Tarot and Myers-Briggs Personality Indicators

Discovering my Myers-Briggs personality type back in 2010 or so rocked my world. I’d only vaguely heard about the MBTI before, and took the assessment as an exercise during a leadership course through work. Learning about my personality type and how it affects things like how I take in information and stimulus, how I interact with the world and others, and seeing it in the context of how it affects my behaviours, was a lightning bolt of insight that has had long-lasting effects for me. It was one of the first times I had a clear and deep insight into the mystery that is me, and I have used it to great success in understanding my relationships with others, and how their personality types govern their behaviours as well. Having grown so appreciative of knowing my MBTI, it was a shock of recognition to see the same deep understandings into my life possible through tarot cards.

Are you familiar with the Myers-Briggs Type Indicator (MBTI)? It’s rooted in Carl Jung’s theory of personality as expounded in his book Personality Types. Jung believed that we are governed by four primary cognitive functions: thinking, feeling, sensation, and intuition. Each of these manifests itself in one of two orientations, either extraverted or introverted, yielding a total of eight “dominant” functions. Elaborating upon Jung’s work in subsequent decades, Katharine Cook Briggs and her daughter Isabel Myers refined the theory by adding two secondary personality types, “judging” and “perception”, which also take extra- or introverted forms. These two extra elements, in combination with the others previously mentioned, yield a possible of 16 personality “types,” each of which is represented by a four-letter abbreviation. (Source)
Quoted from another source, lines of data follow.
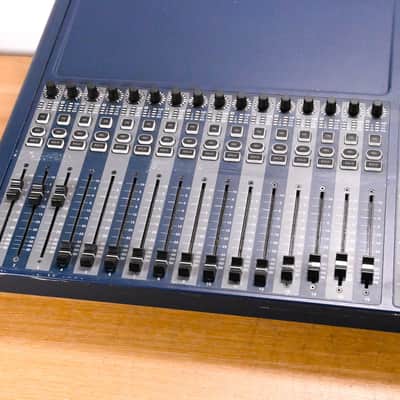 Soundcraft Si Expression 3 32-Channel Digital Mixer CG01X6L image 5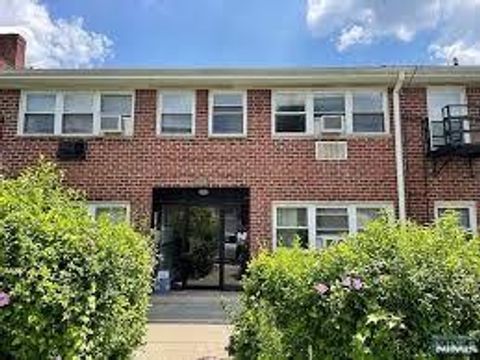 Photo of 1624 Valley St #2B, Fort Lee, NJ 07024 (MLS # 26005149)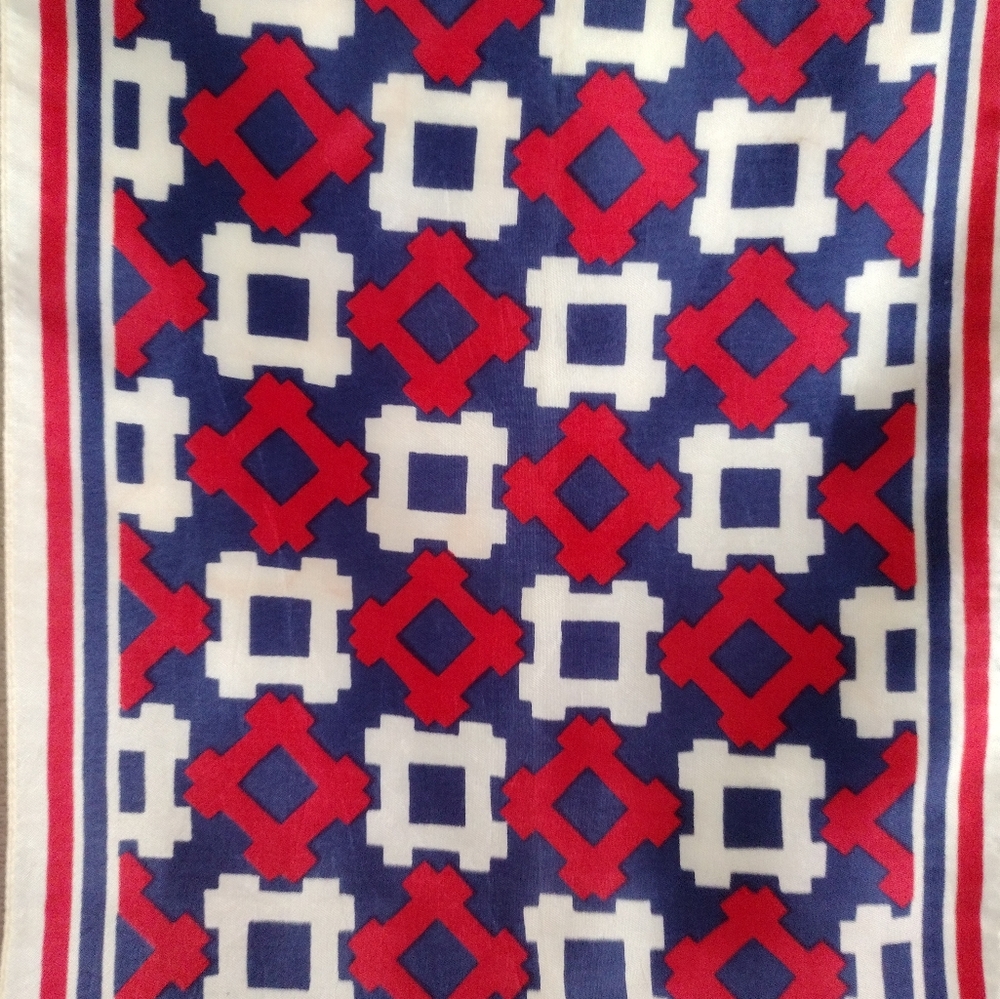 Scarf - Picture 2 of 4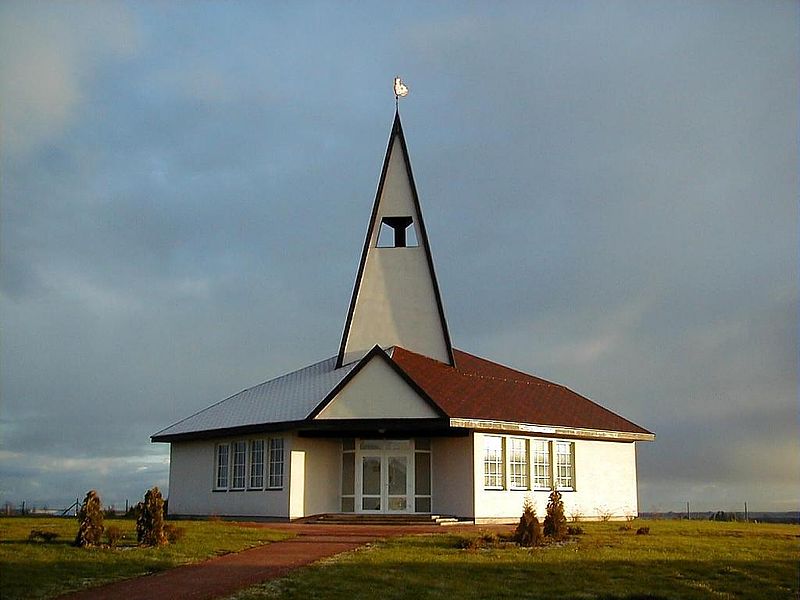 Attēls:Odukalna baznīca 2004-11-14.jpg
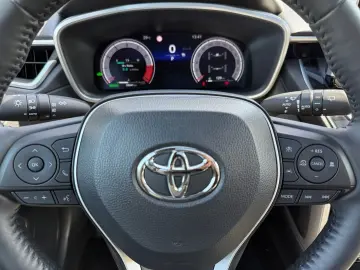 TOYOTA Corolla Cross 2.0 Hybrid AWD Lounge  Pano 360 JB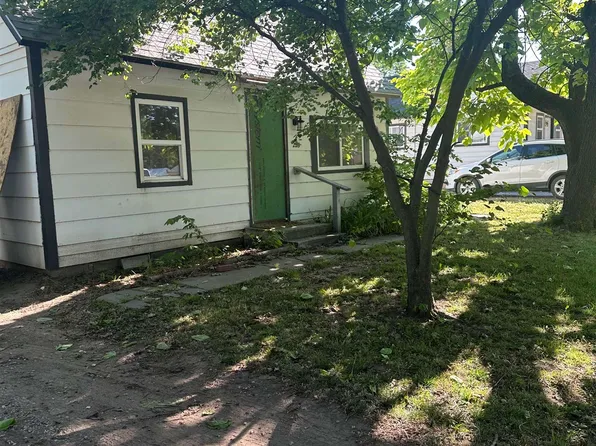 223 E 7th Ave, Belle Plaine, KS 67013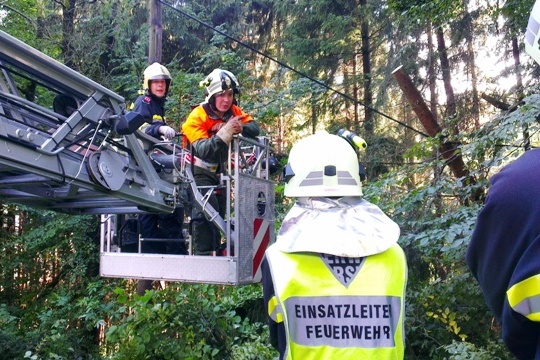 Feuerwehr leistet Millimeterarbeit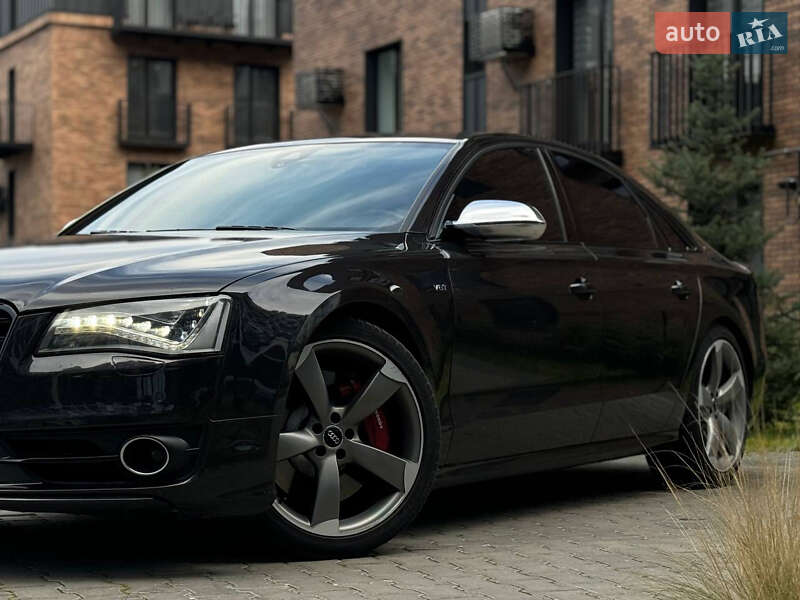 Audi S8 2013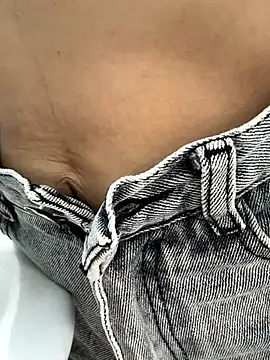 tran my online show from 10/19/25, 07:11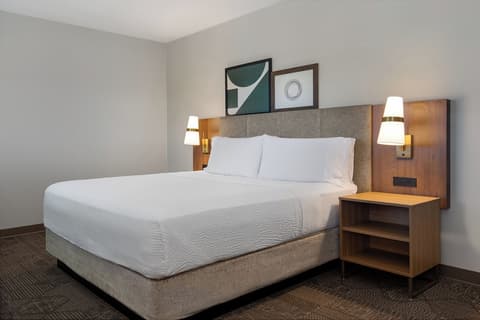 Staybridge Suites St Catharines Conf Ctr by IHG, Room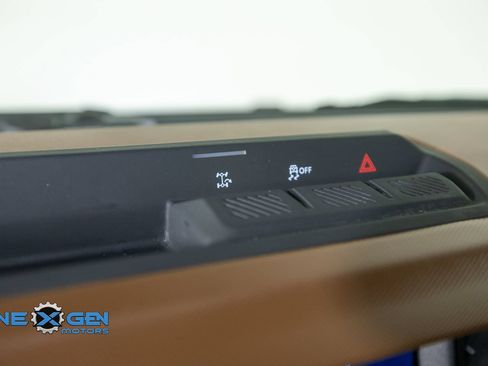 Used 2024 Ford Bronco Outer Banks AWD/4WD image 17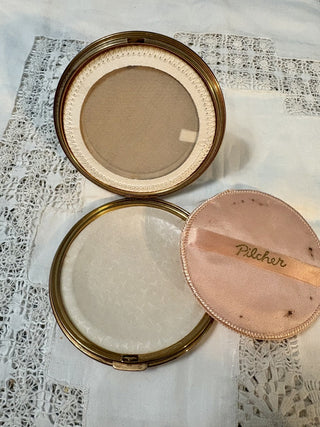 Vintage Compact Round Etched RSV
Myself, I am an ENFP, the most introverted of the extroverts. Reading the characteristics common to other ENFPs was a huge series of “aha!” moments for me. So many things about me crystallized into cognizance when I started looking into it: how I am happiest on my own in a crowd, how I think through any situation  by speaking to others about it, how I love to interact with other humans but find it exhausting, how I am driven to find connections and meaning in the chaos of human experience. (Hello, tarot cards!) So while I’m far from an MBTI expert, I certainly am grateful for the insight into my own personality that I’ve received through the lens of MBTI.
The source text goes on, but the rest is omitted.